-------- Material for the task --------

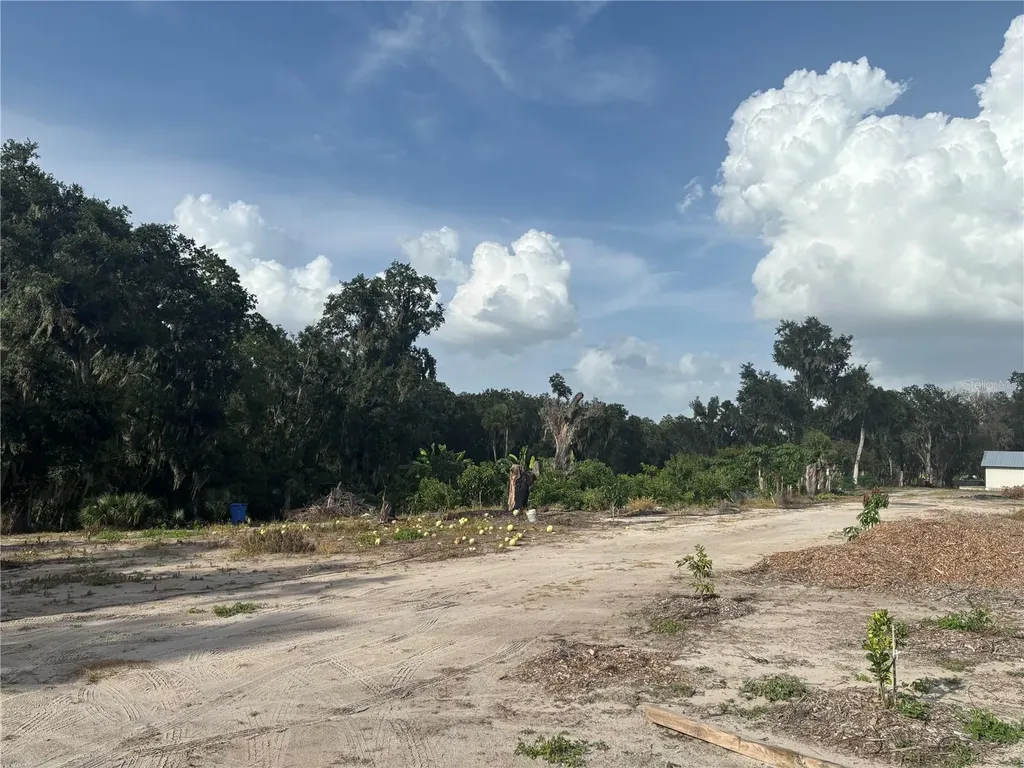 7117 S County Line Road Plant City FL 33567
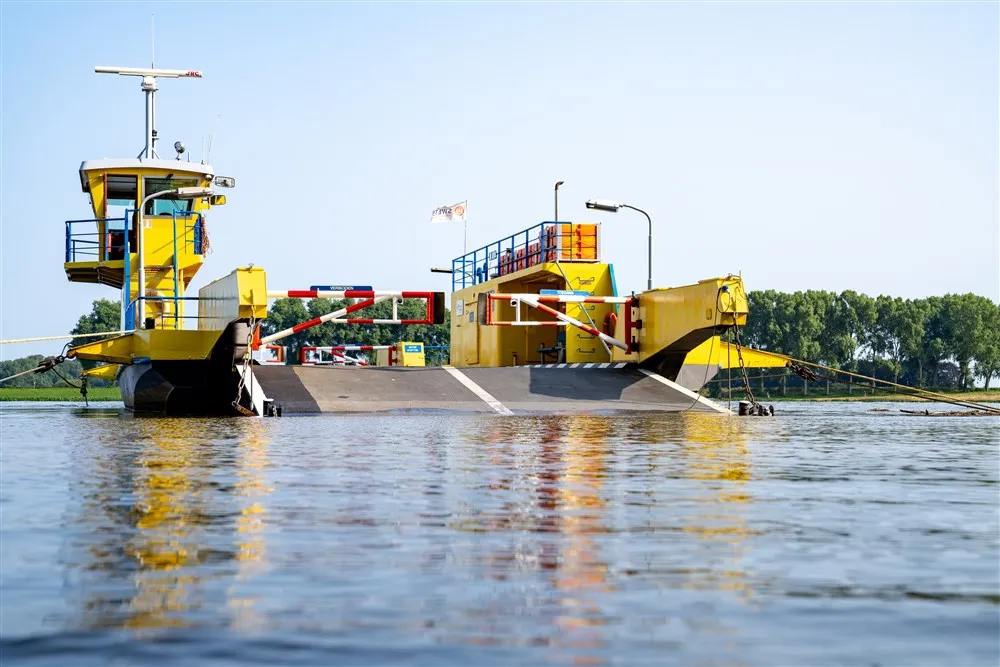 download scaled 1000x1000 52210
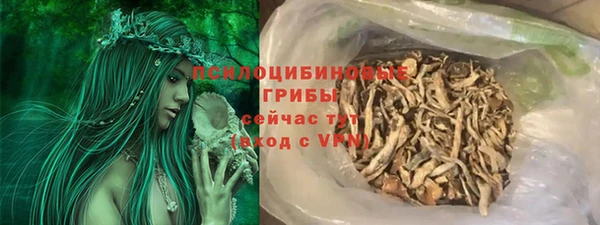 гидра Алзамай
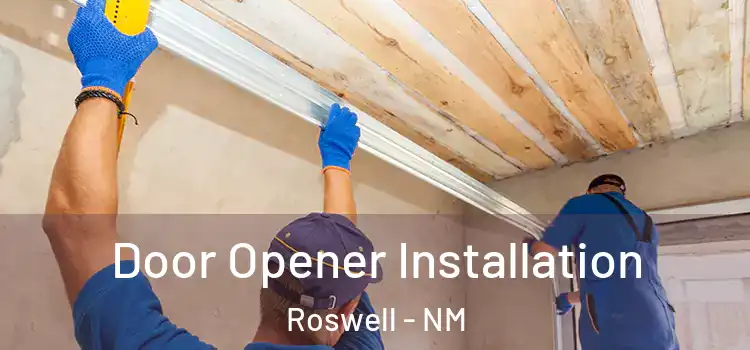 Door Opener Installation Roswell - NM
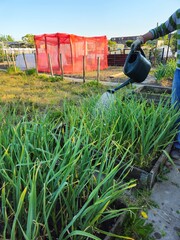 Fototapeta premium A man watering the garlic in his garden. Green garlic.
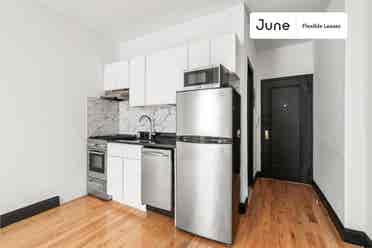 1 BR in New York City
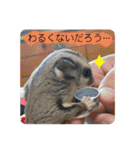 マロと愉快な仲間達（個別スタンプ：19）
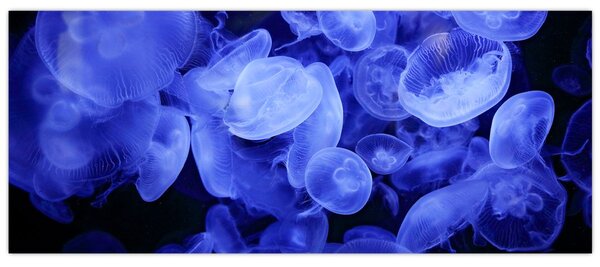 Slika - Meduze (120x50 cm)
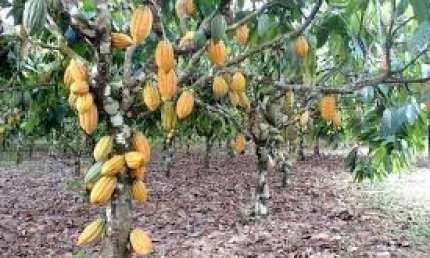 Lindo Sitio de 40.000m2, Nascente, Plantio de Cacau, banana, coco, mamão, jaca, e outros, localizado na Carobeira em Ilhéus  BA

--------

### Problem
Working down from the line with "マロと愉快な仲間達（個別スタンプ：19）", copy each line exactly until the last line of the entries, which is also included. Omit the pictures.

### Exercise output
 マロと愉快な仲間達（個別スタンプ：19）
 Slika - Meduze (120x50 cm)
 Lindo Sitio de 40.000m2, Nascente, Plantio de Cacau, banana, coco, mamão, jaca, e outros, localizado na Carobeira em Ilhéus  BA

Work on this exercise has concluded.